Before, implementing a commission style pay the dental group needs to set a strong foundation of protocols, systems and support for the dental hygiene team. These measures will help ensure success for the hygiene team. Not only that, the management needs to be prepared for all of the questions and concerns the hygiene team will have.
And by all means, NEVER implement a commission style pay as a punishment or as a result of frustrations with your hygiene team performance.
Instead, reward your high performing team with a piece of the pie. Allow them to take a piece of the production they bring to the practice!
**Also, be sure to check on your states labor laws about commission style pay for your hygiene team. There is some language that you need to be aware of before implementing this type of plan.
BASE PAY + Commission: The base pay, plus commission plan is a good
compromise to the straight commission plan. The base pay is provided to the hygienists as a per hour or a per day compensation. This rate should be set well below the standard pay rate for hygiene, so an incentive can be easily built in. Production above this amount will be paid as a percentage of the adjusted revenue (collections) they produce.
This plan takes some modeling in order to find the right base and commission based on your geography and mix of services.
BASE PAY + Incentive: The other plan that has some popularity is the base pay plus incentive. It is much like the base pay, plus commission but it is set up slightly different. The dental hygienists will be paid their standard hourly rate up to a set daily production goal.
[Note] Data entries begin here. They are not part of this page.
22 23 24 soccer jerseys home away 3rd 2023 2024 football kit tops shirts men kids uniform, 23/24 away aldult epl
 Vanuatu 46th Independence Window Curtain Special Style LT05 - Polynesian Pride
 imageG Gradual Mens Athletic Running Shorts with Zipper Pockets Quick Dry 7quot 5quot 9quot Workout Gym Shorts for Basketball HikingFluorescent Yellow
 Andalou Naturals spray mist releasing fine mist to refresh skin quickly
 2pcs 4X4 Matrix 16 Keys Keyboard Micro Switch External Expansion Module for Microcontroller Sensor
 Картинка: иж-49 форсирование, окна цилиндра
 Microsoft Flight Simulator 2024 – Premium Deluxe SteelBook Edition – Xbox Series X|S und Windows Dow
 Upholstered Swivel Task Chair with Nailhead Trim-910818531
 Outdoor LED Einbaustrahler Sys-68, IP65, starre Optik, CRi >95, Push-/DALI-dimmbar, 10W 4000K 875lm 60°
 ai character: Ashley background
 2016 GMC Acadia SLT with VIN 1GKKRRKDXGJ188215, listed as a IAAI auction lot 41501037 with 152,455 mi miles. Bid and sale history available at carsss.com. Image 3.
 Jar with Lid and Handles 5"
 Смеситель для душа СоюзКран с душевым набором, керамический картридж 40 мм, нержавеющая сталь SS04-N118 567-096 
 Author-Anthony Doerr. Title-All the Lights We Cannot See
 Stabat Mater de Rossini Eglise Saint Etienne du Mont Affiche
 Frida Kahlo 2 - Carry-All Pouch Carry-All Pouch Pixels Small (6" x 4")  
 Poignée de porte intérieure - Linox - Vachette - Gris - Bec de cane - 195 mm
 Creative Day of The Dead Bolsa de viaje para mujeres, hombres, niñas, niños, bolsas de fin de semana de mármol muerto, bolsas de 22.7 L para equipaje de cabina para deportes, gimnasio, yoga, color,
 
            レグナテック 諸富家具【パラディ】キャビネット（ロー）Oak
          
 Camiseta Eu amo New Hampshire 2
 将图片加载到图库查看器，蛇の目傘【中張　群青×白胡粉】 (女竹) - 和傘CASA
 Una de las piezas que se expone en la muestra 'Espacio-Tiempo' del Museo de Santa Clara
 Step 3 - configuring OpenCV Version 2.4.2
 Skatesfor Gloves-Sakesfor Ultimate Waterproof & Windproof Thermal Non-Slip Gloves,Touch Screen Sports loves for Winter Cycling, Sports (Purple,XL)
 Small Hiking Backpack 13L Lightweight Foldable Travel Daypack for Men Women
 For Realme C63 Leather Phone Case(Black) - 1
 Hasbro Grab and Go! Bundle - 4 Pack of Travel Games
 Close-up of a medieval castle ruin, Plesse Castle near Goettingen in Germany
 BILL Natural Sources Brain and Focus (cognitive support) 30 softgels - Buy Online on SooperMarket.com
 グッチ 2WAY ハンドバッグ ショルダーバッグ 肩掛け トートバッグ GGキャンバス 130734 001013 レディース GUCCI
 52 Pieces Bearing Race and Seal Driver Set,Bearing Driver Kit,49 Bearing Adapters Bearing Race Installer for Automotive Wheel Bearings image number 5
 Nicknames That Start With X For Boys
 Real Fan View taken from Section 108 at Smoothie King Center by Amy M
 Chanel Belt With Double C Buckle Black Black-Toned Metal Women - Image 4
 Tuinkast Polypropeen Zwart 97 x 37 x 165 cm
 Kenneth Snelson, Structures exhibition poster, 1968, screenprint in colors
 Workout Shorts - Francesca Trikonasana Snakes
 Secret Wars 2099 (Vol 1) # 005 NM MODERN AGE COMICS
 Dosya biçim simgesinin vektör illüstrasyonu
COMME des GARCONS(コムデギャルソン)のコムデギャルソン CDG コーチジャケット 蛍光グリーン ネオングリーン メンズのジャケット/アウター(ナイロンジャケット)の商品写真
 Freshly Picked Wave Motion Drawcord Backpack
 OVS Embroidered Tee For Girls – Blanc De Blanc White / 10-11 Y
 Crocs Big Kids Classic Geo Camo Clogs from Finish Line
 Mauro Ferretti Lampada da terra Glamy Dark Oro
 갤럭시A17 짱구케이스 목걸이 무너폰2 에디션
Once the hygienist exceeds their daily goal, they receive either another $1-2 per hour, or they get a % of the over-age.
Although this plan sounds nice, it is cumbersome to calculate and understand for the entire team.
What’s the RATIO?: As a general rule of thumb, dental groups will allocate about one-third of hygiene production for compensation. This includes gross salary, tax match and all benefits. This should be what you what your outcome to look like when modeling your compensation plan.
WHAT YOU SHOULD EXPECT: I have heard dentist say that all the good hygienists are already taken! While that’s not true, it can seem that way when it comes to creating a strong working relationship with your hygienist. Dental groups should expect high performance from highly compensated hygienists, and the truly great hygienists know this.The mark of a true dental hygiene professional is possessing a proactive nature, being held accountable, and demonstrating an eagerness to contribute. This goes both ways… doctors should educate themselves to the expanding role of the hygienist and learn ways to open the lines of communications. Building an appropriate compensation package is a foundational step in creating an outstanding, long-term relationship with your hygiene team.
The BOTTOM LINE: There are several hygiene compensation plans out there today, and the all have their perks and a downside. The plan you select for your hygienists needs to be one that you are confident in, and happy with the outcome of patient care and financial outcome for them and your group.
After helping over 13 dental groups implement commission style plans, I can tell you this…keep it simple for everyone- simple for the hygiene team to understand, and simple for your accounting staff and managers to calculate.
Be clear and transparent about the plan, and help them understand the benefit to the patient, to them and to the business.